築5年の地下室付き住宅の住まい手から、結露とカビに悩んでいるとの相談を受けた。窓を開けて換気に努めても、地下室がジメジメして仕方ないという。温度や湿度を測定し、結露発生の原因を調べることにした。(日経ホームビルダー)

地下室付き住宅の住まい手から相談カビ臭くて居られない窓枠が結露する

 今回、検証隊がやってきたのは、東京大田区の高級住宅地に建つK邸。「居室のある地下室の湿気に悩んでいる」と相談があった。

地下の状況を見てみることにした。ドライエリアに行くと、コンクリートの壁面には緑色のカビが広がっていた(写真:日経ホームビルダー)
地下の状況を見てみることにした。ドライエリアに行くと、コンクリートの壁面には緑色のカビが広がっていた(写真:日経ホームビルダー)
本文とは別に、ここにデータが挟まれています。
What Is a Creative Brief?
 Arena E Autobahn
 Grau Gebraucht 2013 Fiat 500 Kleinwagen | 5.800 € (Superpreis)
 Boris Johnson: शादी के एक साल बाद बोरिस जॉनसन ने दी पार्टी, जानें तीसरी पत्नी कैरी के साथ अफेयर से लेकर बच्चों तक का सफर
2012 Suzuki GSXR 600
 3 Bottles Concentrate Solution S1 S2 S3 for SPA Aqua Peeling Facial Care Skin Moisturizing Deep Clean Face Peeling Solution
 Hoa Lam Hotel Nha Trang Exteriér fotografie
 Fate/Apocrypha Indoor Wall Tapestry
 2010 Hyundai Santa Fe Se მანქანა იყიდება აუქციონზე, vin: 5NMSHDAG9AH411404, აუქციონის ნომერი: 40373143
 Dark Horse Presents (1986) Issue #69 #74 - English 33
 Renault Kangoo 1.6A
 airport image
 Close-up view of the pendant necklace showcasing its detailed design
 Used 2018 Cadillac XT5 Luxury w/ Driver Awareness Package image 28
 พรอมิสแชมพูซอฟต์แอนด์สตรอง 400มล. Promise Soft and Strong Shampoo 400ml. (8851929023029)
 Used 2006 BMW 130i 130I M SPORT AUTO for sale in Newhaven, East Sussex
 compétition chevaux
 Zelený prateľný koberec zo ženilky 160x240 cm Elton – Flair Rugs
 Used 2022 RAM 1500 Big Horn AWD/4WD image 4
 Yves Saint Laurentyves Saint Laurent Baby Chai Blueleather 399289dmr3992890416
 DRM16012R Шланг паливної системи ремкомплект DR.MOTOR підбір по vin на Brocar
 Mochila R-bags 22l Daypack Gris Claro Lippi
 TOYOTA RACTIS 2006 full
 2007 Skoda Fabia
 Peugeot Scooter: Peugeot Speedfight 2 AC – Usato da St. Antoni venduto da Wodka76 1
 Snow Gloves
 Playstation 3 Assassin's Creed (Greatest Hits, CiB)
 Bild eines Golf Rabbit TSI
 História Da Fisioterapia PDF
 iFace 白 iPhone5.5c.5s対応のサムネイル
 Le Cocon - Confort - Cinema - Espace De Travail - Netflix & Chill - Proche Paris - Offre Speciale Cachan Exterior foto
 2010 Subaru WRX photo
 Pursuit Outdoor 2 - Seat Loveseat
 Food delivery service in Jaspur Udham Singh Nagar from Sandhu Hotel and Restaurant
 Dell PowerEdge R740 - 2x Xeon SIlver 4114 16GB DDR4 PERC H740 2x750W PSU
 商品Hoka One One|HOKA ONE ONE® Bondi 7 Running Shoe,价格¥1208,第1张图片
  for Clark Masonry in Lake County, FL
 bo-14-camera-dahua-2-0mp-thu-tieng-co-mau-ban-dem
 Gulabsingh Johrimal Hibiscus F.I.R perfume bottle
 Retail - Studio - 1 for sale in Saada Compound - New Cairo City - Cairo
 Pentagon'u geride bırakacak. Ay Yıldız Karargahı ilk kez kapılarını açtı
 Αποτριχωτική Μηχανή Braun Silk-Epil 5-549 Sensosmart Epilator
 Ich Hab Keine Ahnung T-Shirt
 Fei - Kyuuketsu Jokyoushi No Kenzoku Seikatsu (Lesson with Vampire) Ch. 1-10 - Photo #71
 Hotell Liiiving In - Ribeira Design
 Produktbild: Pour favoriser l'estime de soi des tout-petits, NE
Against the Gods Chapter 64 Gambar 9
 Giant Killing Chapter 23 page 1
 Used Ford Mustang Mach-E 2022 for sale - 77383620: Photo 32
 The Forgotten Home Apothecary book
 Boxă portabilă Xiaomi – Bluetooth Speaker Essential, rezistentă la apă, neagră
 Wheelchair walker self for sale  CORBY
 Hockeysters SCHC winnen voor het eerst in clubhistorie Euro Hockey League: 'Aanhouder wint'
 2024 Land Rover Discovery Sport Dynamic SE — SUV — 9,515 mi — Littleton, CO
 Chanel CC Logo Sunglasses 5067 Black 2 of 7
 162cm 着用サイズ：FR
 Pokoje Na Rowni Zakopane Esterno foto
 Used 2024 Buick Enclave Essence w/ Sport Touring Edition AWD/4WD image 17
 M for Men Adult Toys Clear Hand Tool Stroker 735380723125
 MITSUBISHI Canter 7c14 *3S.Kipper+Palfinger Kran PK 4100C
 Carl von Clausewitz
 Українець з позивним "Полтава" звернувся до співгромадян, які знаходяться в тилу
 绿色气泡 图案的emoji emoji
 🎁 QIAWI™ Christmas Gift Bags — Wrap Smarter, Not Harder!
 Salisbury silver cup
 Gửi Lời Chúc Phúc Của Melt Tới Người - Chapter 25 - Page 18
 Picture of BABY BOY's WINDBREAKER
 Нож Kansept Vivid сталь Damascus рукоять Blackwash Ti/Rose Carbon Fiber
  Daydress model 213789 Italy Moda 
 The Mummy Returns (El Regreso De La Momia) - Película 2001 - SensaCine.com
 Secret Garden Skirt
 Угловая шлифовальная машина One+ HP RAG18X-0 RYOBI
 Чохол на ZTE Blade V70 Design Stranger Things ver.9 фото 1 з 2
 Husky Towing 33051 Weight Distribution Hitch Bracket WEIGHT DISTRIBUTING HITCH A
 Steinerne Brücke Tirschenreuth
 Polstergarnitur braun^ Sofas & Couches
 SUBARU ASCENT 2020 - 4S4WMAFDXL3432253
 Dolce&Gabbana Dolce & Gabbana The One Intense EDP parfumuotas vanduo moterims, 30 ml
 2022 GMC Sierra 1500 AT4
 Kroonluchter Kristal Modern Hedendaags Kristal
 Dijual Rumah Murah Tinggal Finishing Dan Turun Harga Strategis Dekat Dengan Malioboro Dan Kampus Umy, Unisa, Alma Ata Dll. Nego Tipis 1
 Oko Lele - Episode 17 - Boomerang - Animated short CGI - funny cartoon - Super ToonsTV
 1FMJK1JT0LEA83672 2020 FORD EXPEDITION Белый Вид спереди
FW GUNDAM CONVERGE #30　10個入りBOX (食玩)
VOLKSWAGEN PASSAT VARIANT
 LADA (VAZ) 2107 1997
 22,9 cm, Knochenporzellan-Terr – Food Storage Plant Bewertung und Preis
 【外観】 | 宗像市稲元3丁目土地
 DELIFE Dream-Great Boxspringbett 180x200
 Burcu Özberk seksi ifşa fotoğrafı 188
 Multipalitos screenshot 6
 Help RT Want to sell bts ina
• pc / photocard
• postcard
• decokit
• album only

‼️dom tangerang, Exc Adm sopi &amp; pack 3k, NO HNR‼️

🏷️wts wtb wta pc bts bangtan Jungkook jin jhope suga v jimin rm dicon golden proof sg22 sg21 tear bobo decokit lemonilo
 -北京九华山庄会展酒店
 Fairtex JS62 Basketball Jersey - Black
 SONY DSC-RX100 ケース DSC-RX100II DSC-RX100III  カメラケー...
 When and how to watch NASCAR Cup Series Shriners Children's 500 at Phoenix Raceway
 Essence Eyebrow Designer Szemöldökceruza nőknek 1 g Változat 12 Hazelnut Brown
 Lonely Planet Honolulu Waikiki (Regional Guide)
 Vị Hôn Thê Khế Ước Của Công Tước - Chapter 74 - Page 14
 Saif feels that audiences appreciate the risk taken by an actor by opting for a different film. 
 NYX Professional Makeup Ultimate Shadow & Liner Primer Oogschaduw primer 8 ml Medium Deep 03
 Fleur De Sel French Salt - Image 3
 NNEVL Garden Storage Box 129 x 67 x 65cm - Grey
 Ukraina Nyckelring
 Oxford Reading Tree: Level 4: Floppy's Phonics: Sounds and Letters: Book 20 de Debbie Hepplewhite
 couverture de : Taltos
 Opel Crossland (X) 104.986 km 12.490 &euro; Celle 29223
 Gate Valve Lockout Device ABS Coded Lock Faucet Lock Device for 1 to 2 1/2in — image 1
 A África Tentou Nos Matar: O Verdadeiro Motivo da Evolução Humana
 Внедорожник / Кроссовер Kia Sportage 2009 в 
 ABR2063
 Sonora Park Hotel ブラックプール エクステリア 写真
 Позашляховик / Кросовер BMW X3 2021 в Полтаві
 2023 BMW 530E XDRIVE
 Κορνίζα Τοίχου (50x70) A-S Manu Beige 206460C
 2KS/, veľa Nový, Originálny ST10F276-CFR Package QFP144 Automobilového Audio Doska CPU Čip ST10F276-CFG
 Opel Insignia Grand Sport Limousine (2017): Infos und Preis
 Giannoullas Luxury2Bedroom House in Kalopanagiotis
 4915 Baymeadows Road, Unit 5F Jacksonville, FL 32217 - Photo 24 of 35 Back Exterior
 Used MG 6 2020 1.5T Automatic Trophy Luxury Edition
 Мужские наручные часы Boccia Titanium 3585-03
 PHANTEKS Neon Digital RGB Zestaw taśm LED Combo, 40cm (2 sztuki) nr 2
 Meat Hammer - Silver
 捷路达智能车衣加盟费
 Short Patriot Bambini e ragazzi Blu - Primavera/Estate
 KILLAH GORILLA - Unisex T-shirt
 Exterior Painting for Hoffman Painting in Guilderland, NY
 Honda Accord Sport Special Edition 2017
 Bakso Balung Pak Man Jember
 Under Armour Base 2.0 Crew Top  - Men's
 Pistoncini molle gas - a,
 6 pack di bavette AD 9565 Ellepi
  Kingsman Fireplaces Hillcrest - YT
 K邸は地上2階、地下1階建て。地下には、書斎とそれに隣接する納戸、子供室、寝室がある。入居間もないころに、寝室の壁に使っているパイン材にカビを発見したが、施工会社からは「木材の持つ湿気が原因」と言われ、該当部分だけを補修した。地下室全体が湿っぽいような気もしていたが、様子をみることにした。 

 しかし、入居から2年目の夏。「子供室のベッドに敷いてあったマットレスの裏が一面カビに覆われていた。納戸や洋服タンスの中の衣類もカビの被害に遭い、結局すべて処分した」とKさんは話す。

 カビ対策のため、Kさんは四季を通して頻繁に窓を開けているという。数年前には除湿器を購入。常時動かし続けていたが、効果的な改善を実感できないまま、昨年壊れてしまった。運転中は、1日に最低3回は溜まった水を捨てなければならない状態だった。

 今年で入居5年目。地下の湿気は改善される気配がなく、カビのにおいはますますひどくなっている。アレルギーのある夫と息子は、地下室に寄り付かなくなってしまった。